#### Work instruction
Could you print all of the data below again, exactly?

#### Dataset entries
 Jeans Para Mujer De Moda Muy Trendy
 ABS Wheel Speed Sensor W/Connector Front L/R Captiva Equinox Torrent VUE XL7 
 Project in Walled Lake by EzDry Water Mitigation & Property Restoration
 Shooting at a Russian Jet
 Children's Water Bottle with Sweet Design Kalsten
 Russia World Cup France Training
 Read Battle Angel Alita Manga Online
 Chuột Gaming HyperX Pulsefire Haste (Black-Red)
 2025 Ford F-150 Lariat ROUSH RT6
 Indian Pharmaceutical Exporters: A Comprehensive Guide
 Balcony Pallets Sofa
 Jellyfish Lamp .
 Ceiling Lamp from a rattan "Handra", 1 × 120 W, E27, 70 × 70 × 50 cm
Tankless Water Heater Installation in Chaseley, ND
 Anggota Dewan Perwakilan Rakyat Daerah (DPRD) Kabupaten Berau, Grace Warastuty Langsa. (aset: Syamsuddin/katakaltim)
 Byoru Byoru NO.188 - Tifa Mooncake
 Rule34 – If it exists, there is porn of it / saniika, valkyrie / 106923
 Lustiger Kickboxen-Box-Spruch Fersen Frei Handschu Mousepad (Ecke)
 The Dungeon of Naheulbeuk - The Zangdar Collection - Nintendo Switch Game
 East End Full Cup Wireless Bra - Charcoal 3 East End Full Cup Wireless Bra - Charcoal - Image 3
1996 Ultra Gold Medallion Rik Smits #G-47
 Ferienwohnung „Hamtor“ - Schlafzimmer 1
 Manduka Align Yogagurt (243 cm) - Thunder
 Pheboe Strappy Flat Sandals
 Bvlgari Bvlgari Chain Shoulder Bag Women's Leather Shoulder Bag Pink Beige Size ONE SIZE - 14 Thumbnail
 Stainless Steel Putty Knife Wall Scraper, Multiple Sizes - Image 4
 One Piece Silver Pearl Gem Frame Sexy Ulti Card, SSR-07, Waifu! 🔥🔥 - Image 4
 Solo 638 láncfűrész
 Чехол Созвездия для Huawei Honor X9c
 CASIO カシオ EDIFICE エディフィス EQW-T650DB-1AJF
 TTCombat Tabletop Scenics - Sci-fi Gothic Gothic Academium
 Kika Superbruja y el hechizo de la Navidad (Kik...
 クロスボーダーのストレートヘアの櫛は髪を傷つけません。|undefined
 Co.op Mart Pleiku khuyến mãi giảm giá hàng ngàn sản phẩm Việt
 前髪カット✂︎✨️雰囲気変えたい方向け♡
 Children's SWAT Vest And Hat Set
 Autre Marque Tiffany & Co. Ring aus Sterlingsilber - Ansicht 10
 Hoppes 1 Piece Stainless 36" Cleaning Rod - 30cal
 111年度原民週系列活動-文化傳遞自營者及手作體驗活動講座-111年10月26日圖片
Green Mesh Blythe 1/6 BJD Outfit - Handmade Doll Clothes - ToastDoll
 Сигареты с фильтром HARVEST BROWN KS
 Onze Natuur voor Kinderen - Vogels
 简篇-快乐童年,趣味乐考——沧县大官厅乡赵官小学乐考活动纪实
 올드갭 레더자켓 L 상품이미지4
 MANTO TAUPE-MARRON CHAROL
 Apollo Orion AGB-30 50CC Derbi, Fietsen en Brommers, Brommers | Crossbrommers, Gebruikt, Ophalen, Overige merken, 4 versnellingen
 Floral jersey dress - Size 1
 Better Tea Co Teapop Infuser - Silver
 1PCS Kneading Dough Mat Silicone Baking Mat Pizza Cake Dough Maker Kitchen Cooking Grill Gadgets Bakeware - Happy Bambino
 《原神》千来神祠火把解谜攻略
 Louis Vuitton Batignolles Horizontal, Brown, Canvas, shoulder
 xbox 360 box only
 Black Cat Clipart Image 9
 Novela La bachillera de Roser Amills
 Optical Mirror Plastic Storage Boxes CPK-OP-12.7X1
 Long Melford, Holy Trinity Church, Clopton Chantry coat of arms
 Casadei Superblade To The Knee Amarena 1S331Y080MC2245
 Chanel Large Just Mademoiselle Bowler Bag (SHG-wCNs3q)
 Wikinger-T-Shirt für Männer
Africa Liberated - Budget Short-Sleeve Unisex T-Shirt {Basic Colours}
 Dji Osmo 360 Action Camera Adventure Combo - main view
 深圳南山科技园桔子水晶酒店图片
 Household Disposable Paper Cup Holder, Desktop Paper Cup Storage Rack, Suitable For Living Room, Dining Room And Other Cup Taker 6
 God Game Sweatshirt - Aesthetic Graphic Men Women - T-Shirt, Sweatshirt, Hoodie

#### Solved exercise
 Jeans Para Mujer De Moda Muy Trendy
 ABS Wheel Speed Sensor W/Connector Front L/R Captiva Equinox Torrent VUE XL7 
 Project in Walled Lake by EzDry Water Mitigation & Property Restoration
 Shooting at a Russian Jet
 Children's Water Bottle with Sweet Design Kalsten
 Russia World Cup France Training
 Read Battle Angel Alita Manga Online
 Chuột Gaming HyperX Pulsefire Haste (Black-Red)
 2025 Ford F-150 Lariat ROUSH RT6
 Indian Pharmaceutical Exporters: A Comprehensive Guide
 Balcony Pallets Sofa
 Jellyfish Lamp .
 Ceiling Lamp from a rattan "Handra", 1 × 120 W, E27, 70 × 70 × 50 cm
Tankless Water Heater Installation in Chaseley, ND
 Anggota Dewan Perwakilan Rakyat Daerah (DPRD) Kabupaten Berau, Grace Warastuty Langsa. (aset: Syamsuddin/katakaltim)
 Byoru Byoru NO.188 - Tifa Mooncake
 Rule34 – If it exists, there is porn of it / saniika, valkyrie / 106923
 Lustiger Kickboxen-Box-Spruch Fersen Frei Handschu Mousepad (Ecke)
 The Dungeon of Naheulbeuk - The Zangdar Collection - Nintendo Switch Game
 East End Full Cup Wireless Bra - Charcoal 3 East End Full Cup Wireless Bra - Charcoal - Image 3
1996 Ultra Gold Medallion Rik Smits #G-47
 Ferienwohnung „Hamtor“ - Schlafzimmer 1
 Manduka Align Yogagurt (243 cm) - Thunder
 Pheboe Strappy Flat Sandals
 Bvlgari Bvlgari Chain Shoulder Bag Women's Leather Shoulder Bag Pink Beige Size ONE SIZE - 14 Thumbnail
 Stainless Steel Putty Knife Wall Scraper, Multiple Sizes - Image 4
 One Piece Silver Pearl Gem Frame Sexy Ulti Card, SSR-07, Waifu! 🔥🔥 - Image 4
 Solo 638 láncfűrész
 Чехол Созвездия для Huawei Honor X9c
 CASIO カシオ EDIFICE エディフィス EQW-T650DB-1AJF
 TTCombat Tabletop Scenics - Sci-fi Gothic Gothic Academium
 Kika Superbruja y el hechizo de la Navidad (Kik...
 クロスボーダーのストレートヘアの櫛は髪を傷つけません。|undefined
 Co.op Mart Pleiku khuyến mãi giảm giá hàng ngàn sản phẩm Việt
 前髪カット✂︎✨️雰囲気変えたい方向け♡
 Children's SWAT Vest And Hat Set
 Autre Marque Tiffany & Co. Ring aus Sterlingsilber - Ansicht 10
 Hoppes 1 Piece Stainless 36" Cleaning Rod - 30cal
 111年度原民週系列活動-文化傳遞自營者及手作體驗活動講座-111年10月26日圖片
Green Mesh Blythe 1/6 BJD Outfit - Handmade Doll Clothes - ToastDoll
 Сигареты с фильтром HARVEST BROWN KS
 Onze Natuur voor Kinderen - Vogels
 简篇-快乐童年,趣味乐考——沧县大官厅乡赵官小学乐考活动纪实
 올드갭 레더자켓 L 상품이미지4
 MANTO TAUPE-MARRON CHAROL
 Apollo Orion AGB-30 50CC Derbi, Fietsen en Brommers, Brommers | Crossbrommers, Gebruikt, Ophalen, Overige merken, 4 versnellingen
 Floral jersey dress - Size 1
 Better Tea Co Teapop Infuser - Silver
 1PCS Kneading Dough Mat Silicone Baking Mat Pizza Cake Dough Maker Kitchen Cooking Grill Gadgets Bakeware - Happy Bambino
 《原神》千来神祠火把解谜攻略
 Louis Vuitton Batignolles Horizontal, Brown, Canvas, shoulder
 xbox 360 box only
 Black Cat Clipart Image 9
 Novela La bachillera de Roser Amills
 Optical Mirror Plastic Storage Boxes CPK-OP-12.7X1
 Long Melford, Holy Trinity Church, Clopton Chantry coat of arms
 Casadei Superblade To The Knee Amarena 1S331Y080MC2245
 Chanel Large Just Mademoiselle Bowler Bag (SHG-wCNs3q)
 Wikinger-T-Shirt für Männer
Africa Liberated - Budget Short-Sleeve Unisex T-Shirt {Basic Colours}
 Dji Osmo 360 Action Camera Adventure Combo - main view
 深圳南山科技园桔子水晶酒店图片
 Household Disposable Paper Cup Holder, Desktop Paper Cup Storage Rack, Suitable For Living Room, Dining Room And Other Cup Taker 6
 God Game Sweatshirt - Aesthetic Graphic Men Women - T-Shirt, Sweatshirt, Hoodie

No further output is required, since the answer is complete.